(DESCRIPTION OF THE TASK) Without adding anything, give again the lines from the one holding "1456412272，圖片 1）。簡介： 。" through the final line of the records, exactly, with both ends included and pictures dropped.

(LISTED RECORDS)
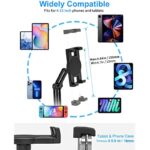 51snkosrql. ac us800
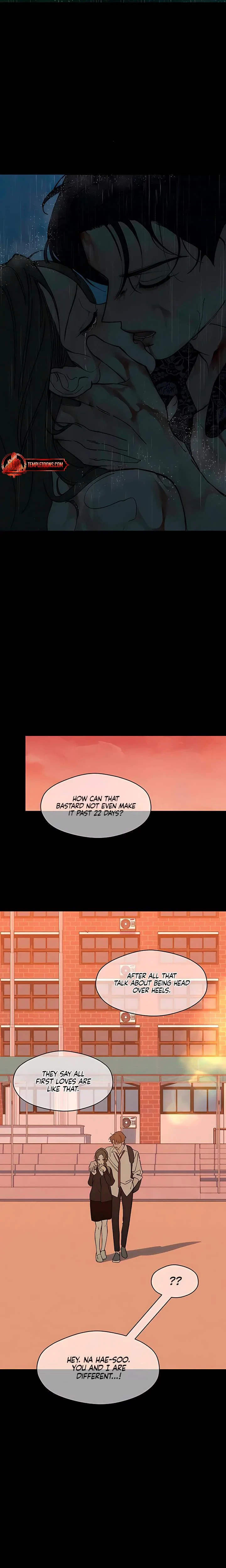 Chapter 89, page 12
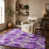 Lavender est en rupture de stock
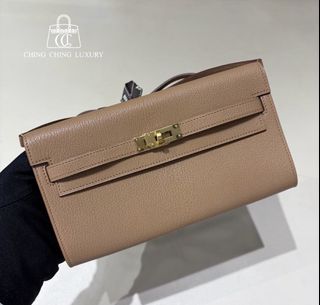 （分類：）位於 。 由 chingchingluxury 提交（商品編號 1456412272，圖片 1）。簡介： 。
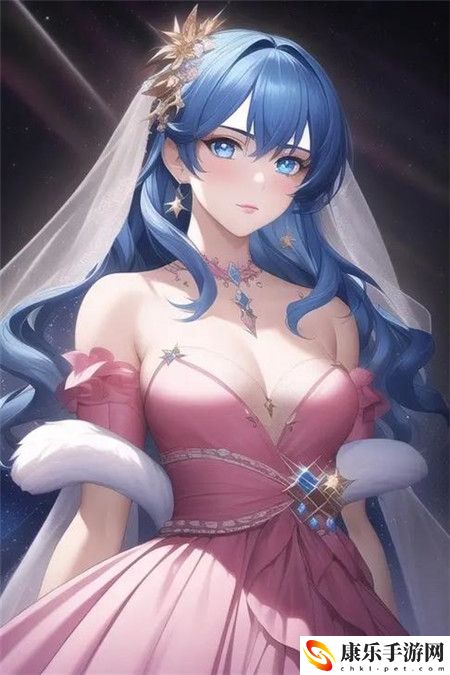 2对1出买女朋友
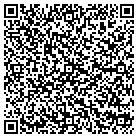 QR code with Salon Services Group Inc contacts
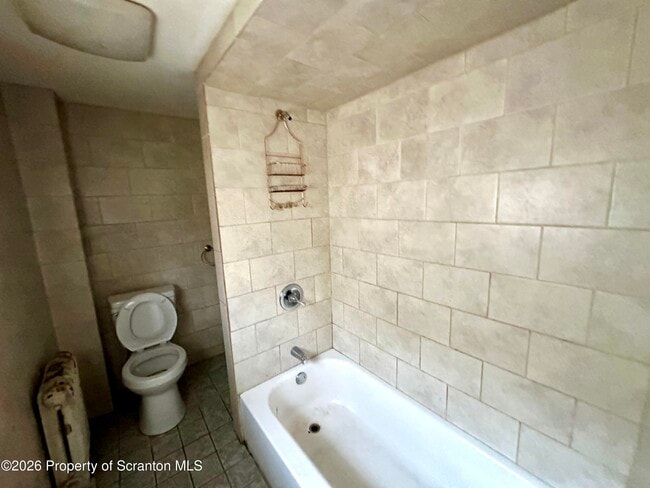 Building Photo - 1019 Kirst Ct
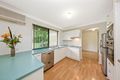 Property photo of 19-21 Champney Court Cedar Vale QLD 4285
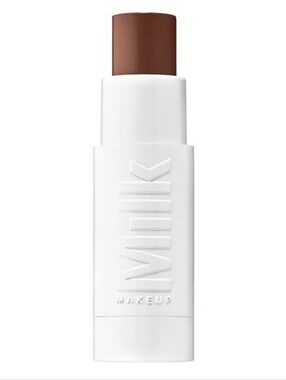 HAZELNUT Milk Makeup DISCONTINUED Flex Foundation Stick NWT/SEALED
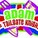 Adam Goldstein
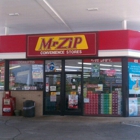 Mr Zip Inc
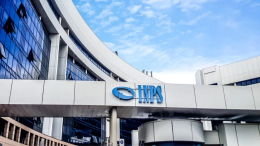 Isee senza file, carte d&rsquo;identit&agrave; a vita per gli over 70 e tessera elettorale digitale: i risvolti sulla quotidianit&agrave; del nuovo decreto Pnrr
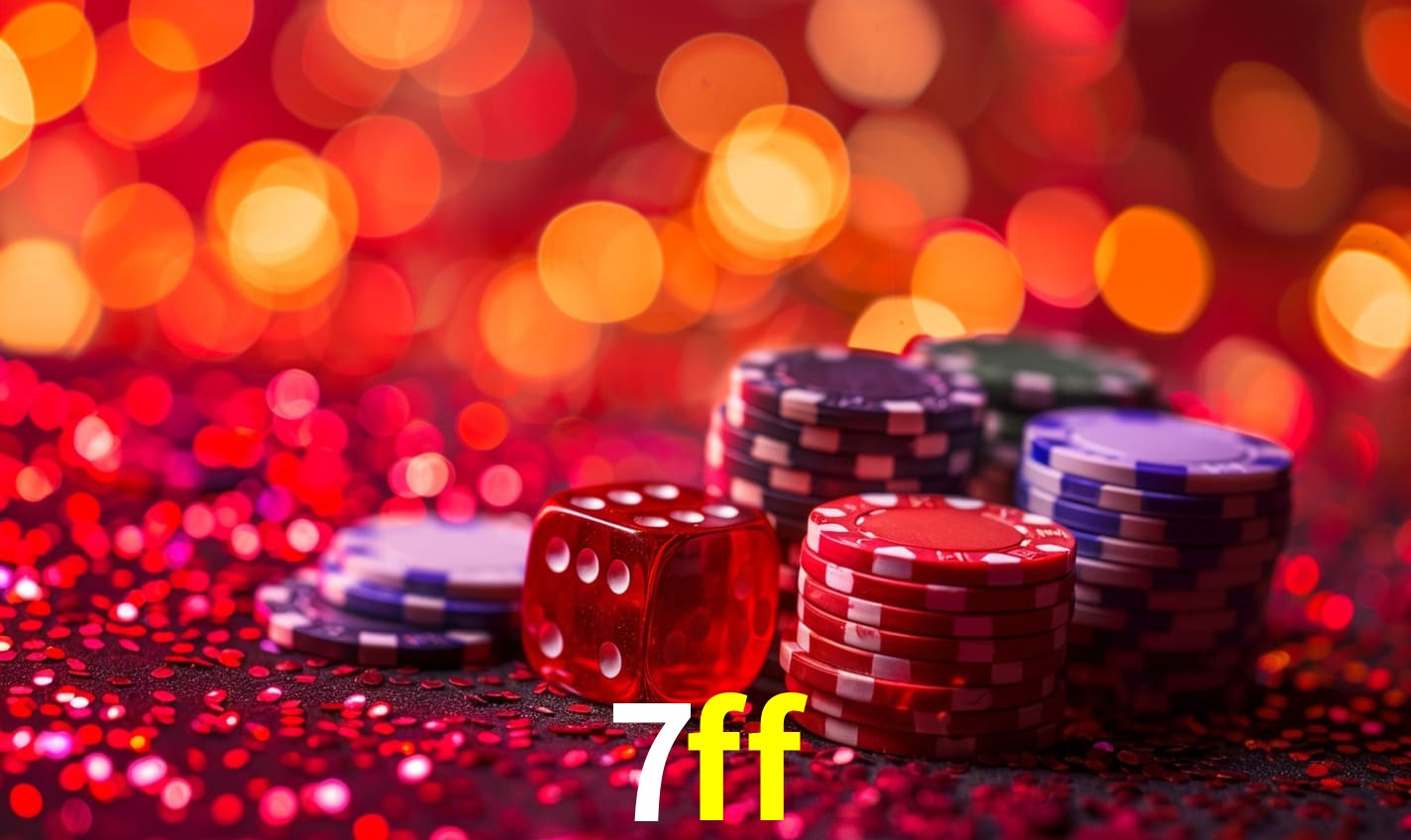 Avaliações dos Jogadores 7ff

(RESULT OF THIS TASK)
 （分類：）位於 。 由 chingchingluxury 提交（商品編號 1456412272，圖片 1）。簡介： 。
 2对1出买女朋友
 QR code with Salon Services Group Inc contacts
 Building Photo - 1019 Kirst Ct
 Property photo of 19-21 Champney Court Cedar Vale QLD 4285
 HAZELNUT Milk Makeup DISCONTINUED Flex Foundation Stick NWT/SEALED
 Adam Goldstein
 Mr Zip Inc
 Isee senza file, carte d&rsquo;identit&agrave; a vita per gli over 70 e tessera elettorale digitale: i risvolti sulla quotidianit&agrave; del nuovo decreto Pnrr
 Avaliações dos Jogadores 7ff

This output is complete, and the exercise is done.